Yes, it's a bit of a pain; but I've done it, because I prefer the texture to the pastyness of home ground meat.  Hand cut sausage meat used to be the gold standard with some Slovenskas.


----------



## Bigjim68 (Apr 24, 2010)

Unless I need a large quantity of ground beef, I generally chop the meat.  With a sharp knife, it does not take that long, and I prefer the texture.  Also makes it easier to remove any cartilege or silverskin.  Partially freezing helps.


----------



## mollyanne (Apr 24, 2010)

Jim, Bill, Tom, Rush, and Dave...men and their knives...it's time for a woman's perspective:

Step 1...Ring the buzzer in the meat department
Step 2...Smile and ask butcher to ground once for coarse or twice for fine
Step 3...Wait 30 seconds while he grinds and you freshen your lipgloss
Step 4...Wink and whisper "thank you" over your shoulder

Men make things so difficult


----------



## bigdaddy3k (Apr 24, 2010)

Old School Iron Chef!! They use two cleavers and then do a drum solo!


----------



## bigdaddy3k (Apr 24, 2010)

mollyanne said:


> Jim, Bill, Tom, Rush, and Dave...men and their knives...it's time for a woman's perspective:
> 
> Step 1...Ring the buzzer in the meat department
> Step 2...Smile and ask butcher to ground once for coarse or twice for fine
> ...


 

I always get weird stares when I do this.
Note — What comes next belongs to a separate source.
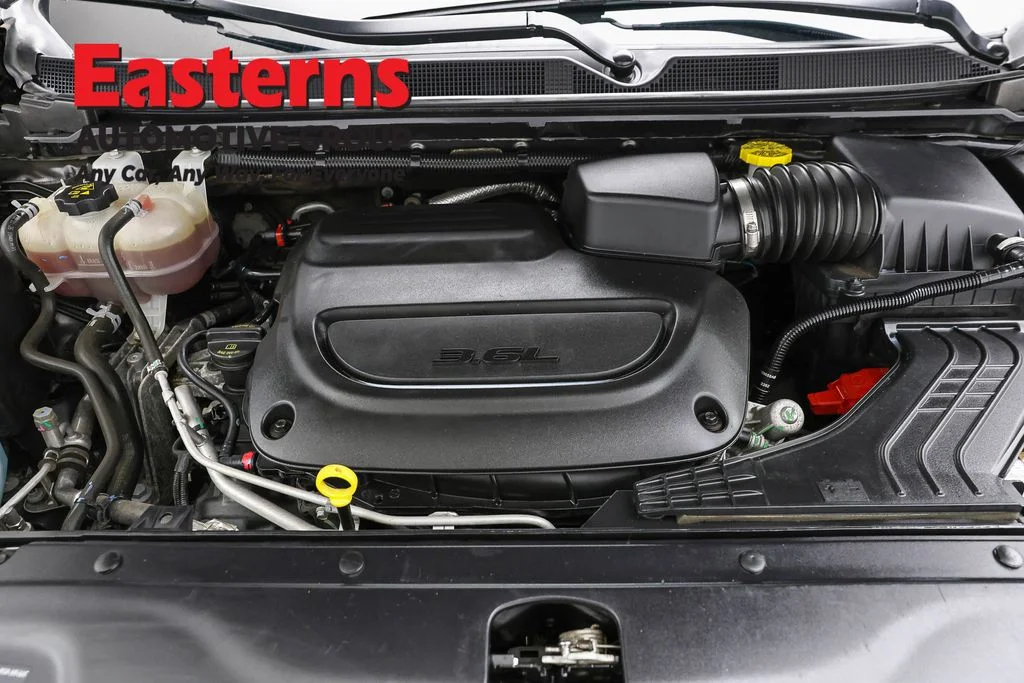 Used 2023 Gray Chrysler Touring L image 7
I think the wink pushes it over the edge. I'm not getting the meat cutting service I used to either!


----------



## mollyanne (Apr 24, 2010)

bigdaddy3k said:


> I always get weird stares when I do this. I think the wink pushes it over the edge. I'm not getting the meat cutting service I used to either!
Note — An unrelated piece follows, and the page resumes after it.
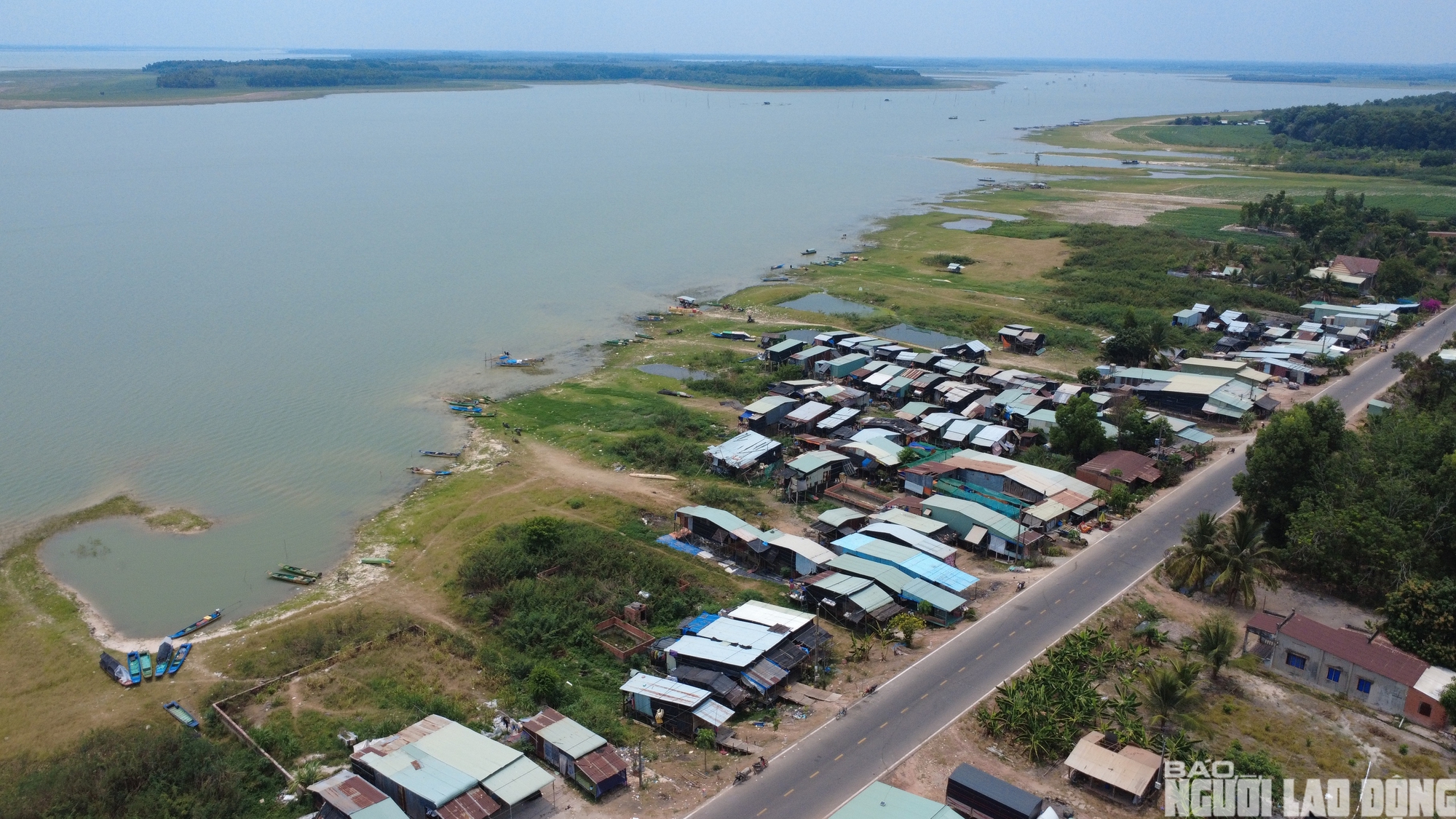 Hình ảnh một ngày ở "khu dân cư đặc biệt" tại Tây Ninh - Ảnh 1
...well, it helps when you lean in and show a little cleavage when you ask...no, I didn't say CLEAVER...ha, but for guyz you might get better service to show a little cleaver


----------



## DaveSoMD (Apr 24, 2010)

buckytom - Nope I have never tried making "ground" beef with a knife. I was just taking a stab at an answer based on how I cut my raw meat.


----------



## buckytom (Apr 25, 2010)

thanks guys. i think i'll try this soon.

jpbill, i agree about sausage meat. i've found the best (fresh not dried) sausage has slightly larger chunks of meat rather than finely ground. my old italian food purveyor/mentor taught me that this was how to tell a quality sausage as it's harder or impossible to mix in fillers like breadcrumbs and other stuff when the meat is chunkier.


----------



## Mimizkitchen (Apr 25, 2010)

mollyanne said:


> ...well, it helps when you lean in and show a little cleavage when you ask...no, I didn't say CLEAVER...ha, but for guyz you might get better service to show a little cleaver



Mollyanne thats like a guy having to ask directions when he's lost... Never gonna happen...


----------



## FrankZ (Apr 25, 2010)

Mimizkitchen said:


> Mollyanne thats like a guy having to ask directions when he's lost... Never gonna happen...




That's cause we have GPS.


----------



## bigdaddy3k (Apr 25, 2010)

Or a good sense of direction. And my cleavage is quite a sight thank you.


----------